Lututnya kini berwarna merah, dan kulitnya mengelupas sedikit sewaktu mengeluarkan darah segar karna mengenai tepi bathtube.
Menggigit bibir bawahnya, Livia berpegangan erat pada kaca, yang memisahkan bathtube dengan pancuran, sebelum akhirnya berhasil naik.
Tangannya terulur mengambil handuk yang menggantung di tepi wastafel, sementara punggungnya membungkuk sedemikian rupa.

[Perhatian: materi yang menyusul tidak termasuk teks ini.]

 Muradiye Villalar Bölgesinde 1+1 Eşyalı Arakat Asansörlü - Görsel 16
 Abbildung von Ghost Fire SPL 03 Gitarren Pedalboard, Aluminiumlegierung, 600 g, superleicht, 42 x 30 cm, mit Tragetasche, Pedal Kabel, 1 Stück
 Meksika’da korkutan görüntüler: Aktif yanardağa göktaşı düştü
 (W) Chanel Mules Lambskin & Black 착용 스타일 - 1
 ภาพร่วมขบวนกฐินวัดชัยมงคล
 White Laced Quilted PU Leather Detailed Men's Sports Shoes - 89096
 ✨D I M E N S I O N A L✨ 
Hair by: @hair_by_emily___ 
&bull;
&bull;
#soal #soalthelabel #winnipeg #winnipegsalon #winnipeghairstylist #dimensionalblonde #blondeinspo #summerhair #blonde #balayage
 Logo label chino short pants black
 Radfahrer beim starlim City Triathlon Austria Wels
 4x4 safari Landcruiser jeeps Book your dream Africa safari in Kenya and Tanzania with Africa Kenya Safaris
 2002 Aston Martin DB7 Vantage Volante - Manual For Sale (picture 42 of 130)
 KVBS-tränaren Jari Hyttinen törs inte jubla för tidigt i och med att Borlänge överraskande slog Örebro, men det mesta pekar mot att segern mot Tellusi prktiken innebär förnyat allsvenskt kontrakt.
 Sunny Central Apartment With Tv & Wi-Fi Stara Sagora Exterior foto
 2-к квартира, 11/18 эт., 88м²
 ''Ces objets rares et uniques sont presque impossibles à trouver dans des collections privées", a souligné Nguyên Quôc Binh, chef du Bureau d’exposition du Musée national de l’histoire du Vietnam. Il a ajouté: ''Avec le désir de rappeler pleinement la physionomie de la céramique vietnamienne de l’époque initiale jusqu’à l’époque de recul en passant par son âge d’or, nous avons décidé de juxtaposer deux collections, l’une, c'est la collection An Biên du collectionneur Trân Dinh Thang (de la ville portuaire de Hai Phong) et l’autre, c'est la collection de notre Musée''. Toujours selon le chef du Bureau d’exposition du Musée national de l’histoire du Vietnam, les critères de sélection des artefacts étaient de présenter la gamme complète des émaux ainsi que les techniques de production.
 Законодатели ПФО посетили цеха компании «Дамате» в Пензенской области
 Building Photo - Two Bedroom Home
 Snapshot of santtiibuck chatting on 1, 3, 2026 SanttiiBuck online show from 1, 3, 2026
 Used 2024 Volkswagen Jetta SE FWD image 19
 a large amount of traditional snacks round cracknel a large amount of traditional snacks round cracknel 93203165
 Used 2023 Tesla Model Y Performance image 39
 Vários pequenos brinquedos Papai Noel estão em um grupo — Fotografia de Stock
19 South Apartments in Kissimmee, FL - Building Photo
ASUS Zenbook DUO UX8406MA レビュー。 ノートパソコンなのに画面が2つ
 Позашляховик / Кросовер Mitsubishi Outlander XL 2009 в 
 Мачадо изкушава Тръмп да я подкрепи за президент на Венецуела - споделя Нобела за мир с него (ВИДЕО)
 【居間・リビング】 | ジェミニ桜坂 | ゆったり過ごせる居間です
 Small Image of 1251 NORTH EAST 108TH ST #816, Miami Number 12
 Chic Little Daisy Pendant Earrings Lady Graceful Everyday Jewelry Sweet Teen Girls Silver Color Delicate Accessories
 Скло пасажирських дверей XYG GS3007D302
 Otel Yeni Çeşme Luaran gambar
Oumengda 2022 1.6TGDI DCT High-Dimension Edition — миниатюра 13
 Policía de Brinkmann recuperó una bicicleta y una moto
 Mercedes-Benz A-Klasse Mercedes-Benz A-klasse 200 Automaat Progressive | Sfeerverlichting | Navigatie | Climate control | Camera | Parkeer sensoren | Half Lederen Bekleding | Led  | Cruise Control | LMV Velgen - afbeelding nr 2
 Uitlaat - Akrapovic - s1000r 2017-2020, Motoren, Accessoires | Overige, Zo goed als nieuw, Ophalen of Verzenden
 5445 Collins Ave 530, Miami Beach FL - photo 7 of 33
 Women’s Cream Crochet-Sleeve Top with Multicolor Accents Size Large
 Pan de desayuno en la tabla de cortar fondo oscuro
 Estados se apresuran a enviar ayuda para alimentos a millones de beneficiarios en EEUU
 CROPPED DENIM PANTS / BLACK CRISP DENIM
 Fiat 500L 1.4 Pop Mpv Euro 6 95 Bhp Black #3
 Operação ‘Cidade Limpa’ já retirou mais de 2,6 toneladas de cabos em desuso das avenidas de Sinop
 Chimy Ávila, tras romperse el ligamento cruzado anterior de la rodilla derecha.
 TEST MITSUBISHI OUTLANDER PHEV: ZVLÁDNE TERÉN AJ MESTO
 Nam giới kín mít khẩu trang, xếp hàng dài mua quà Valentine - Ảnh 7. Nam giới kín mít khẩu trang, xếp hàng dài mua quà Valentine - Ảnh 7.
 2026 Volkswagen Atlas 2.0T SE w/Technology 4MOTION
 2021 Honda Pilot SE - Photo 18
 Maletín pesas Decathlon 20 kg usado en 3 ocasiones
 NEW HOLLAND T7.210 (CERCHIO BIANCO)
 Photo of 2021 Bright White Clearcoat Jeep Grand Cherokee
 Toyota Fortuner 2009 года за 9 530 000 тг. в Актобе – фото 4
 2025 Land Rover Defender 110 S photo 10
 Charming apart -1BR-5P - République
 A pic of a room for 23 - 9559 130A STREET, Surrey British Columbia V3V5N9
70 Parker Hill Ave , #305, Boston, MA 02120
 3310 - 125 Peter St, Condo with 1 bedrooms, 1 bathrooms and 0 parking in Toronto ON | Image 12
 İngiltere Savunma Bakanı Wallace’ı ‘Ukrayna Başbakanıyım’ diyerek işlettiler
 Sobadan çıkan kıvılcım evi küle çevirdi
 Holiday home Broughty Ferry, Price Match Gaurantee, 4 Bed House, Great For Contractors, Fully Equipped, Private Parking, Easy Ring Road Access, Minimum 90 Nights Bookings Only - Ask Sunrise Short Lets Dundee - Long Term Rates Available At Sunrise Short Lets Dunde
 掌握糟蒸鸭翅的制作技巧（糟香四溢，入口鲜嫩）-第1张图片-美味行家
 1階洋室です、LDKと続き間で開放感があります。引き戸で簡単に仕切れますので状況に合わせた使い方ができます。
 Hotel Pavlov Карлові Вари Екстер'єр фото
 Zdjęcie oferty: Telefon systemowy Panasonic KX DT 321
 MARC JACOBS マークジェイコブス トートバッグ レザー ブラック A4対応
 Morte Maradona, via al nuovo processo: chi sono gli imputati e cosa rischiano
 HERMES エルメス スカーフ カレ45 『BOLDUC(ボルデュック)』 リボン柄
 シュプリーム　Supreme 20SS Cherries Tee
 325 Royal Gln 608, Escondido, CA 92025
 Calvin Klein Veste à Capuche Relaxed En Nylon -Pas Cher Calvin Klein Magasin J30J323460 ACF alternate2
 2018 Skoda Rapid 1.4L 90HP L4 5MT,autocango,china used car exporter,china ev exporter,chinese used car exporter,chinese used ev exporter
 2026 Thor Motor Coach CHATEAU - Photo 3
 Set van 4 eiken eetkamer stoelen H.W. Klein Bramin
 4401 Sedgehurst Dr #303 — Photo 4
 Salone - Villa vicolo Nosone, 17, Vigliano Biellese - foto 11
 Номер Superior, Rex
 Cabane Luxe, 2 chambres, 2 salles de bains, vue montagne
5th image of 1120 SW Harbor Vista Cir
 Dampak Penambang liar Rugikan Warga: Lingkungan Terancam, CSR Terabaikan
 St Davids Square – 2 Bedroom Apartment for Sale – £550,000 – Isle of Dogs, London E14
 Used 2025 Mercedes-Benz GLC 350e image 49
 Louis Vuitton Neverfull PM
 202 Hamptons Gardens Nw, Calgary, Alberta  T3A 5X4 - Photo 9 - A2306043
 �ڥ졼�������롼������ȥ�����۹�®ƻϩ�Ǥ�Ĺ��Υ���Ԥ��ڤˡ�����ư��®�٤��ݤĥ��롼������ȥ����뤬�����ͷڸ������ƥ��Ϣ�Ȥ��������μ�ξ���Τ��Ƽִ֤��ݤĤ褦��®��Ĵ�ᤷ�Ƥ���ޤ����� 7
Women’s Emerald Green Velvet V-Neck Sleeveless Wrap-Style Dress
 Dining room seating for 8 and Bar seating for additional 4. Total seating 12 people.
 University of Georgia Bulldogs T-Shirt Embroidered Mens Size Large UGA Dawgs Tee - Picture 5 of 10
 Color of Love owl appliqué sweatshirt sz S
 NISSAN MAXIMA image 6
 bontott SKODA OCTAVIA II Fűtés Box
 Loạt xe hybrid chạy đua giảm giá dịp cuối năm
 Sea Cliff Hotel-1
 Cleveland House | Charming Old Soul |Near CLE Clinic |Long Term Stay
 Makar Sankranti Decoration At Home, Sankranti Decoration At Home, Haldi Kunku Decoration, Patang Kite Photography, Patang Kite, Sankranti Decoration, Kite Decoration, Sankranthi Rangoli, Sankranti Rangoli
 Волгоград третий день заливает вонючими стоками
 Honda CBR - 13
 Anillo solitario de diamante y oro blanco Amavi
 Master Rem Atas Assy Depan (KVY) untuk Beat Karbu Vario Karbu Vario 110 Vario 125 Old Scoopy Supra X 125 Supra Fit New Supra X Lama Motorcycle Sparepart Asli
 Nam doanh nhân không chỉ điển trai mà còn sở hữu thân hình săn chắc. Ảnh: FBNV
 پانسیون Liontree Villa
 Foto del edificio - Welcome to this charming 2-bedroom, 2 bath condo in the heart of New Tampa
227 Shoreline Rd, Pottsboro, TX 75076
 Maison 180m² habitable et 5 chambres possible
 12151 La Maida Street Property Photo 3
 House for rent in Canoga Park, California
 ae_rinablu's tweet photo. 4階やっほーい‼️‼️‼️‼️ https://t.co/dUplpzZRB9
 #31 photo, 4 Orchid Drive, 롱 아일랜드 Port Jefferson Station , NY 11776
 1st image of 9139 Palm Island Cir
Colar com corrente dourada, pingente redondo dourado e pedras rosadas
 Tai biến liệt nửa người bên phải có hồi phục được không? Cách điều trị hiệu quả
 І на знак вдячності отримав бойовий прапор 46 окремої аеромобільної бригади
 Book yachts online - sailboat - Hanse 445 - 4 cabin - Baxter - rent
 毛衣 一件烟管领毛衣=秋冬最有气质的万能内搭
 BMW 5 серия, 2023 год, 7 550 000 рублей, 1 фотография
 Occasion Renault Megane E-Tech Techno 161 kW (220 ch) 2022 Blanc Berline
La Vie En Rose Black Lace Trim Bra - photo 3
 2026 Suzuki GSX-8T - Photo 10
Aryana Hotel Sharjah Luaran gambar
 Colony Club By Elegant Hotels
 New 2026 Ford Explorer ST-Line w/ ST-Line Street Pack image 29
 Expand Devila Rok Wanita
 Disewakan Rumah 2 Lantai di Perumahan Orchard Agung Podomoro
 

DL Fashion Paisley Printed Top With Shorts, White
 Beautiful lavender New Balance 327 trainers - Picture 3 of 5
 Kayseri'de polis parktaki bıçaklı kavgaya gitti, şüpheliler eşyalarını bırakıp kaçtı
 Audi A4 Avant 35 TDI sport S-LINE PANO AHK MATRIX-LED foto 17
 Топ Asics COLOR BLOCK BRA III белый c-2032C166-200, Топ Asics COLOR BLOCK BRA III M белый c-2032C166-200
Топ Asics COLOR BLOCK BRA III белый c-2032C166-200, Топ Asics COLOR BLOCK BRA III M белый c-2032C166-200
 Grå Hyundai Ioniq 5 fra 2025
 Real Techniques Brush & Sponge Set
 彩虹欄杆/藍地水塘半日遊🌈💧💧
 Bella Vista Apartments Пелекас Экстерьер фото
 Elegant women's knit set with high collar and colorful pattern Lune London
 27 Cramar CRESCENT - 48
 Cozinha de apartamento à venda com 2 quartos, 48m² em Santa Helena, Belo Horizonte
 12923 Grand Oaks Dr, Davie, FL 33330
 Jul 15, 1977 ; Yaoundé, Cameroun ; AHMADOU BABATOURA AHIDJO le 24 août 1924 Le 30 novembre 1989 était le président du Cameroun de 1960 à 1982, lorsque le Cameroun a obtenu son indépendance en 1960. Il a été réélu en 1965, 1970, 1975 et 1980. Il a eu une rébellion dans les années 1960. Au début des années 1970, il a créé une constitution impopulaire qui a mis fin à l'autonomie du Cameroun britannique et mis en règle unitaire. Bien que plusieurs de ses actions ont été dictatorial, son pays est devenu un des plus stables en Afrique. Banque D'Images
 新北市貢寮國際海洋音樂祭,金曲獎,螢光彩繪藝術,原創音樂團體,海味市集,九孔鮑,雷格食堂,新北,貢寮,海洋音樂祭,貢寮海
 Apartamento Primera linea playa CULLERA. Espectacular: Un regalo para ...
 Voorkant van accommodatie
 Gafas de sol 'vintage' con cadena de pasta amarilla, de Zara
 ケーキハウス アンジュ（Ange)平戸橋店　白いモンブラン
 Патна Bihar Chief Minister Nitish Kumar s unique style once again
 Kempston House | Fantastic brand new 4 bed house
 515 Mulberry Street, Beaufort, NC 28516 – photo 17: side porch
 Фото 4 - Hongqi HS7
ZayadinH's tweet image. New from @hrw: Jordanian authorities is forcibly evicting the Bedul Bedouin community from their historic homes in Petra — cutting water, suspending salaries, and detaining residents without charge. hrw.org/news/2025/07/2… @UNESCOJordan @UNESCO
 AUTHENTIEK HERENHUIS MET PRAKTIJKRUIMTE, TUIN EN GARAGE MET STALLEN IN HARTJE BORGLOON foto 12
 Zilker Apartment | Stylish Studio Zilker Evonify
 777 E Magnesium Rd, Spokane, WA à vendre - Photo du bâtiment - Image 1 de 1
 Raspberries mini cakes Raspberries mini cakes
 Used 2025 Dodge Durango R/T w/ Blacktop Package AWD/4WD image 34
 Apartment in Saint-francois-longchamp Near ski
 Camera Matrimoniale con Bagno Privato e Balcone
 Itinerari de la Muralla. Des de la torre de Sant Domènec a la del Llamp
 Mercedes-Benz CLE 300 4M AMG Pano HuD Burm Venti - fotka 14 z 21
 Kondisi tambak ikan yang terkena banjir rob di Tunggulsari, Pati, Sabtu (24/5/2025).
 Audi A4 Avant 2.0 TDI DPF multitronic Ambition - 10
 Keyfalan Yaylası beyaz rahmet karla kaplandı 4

Livia berhasil menarik ujungnya, melilitkan handuk ke sekitaran tubuhnya.
Ia mengangkat lutut kirinya, yang luka saat kakinya yang baik-baik saja berjalan ke arah pintu. Sayangnya, ia lupa kalau pintu itu mengarah ke depan, dan saat ia membukanya terlalu cepat keseimbangan Livia goyah dan ia berseru.
"Kyaaaa...!!"
Livia yakin ia akan terjatuh, kalau saja tak ada sepasang tangan dari arah samping menangkap pinggang dan bahunya. Refleks Livia menyambar si penolong dan menatap ke samping.
"Raphael.." bisiknya tak percaya karna lelaki itu masih disini, menunggunya.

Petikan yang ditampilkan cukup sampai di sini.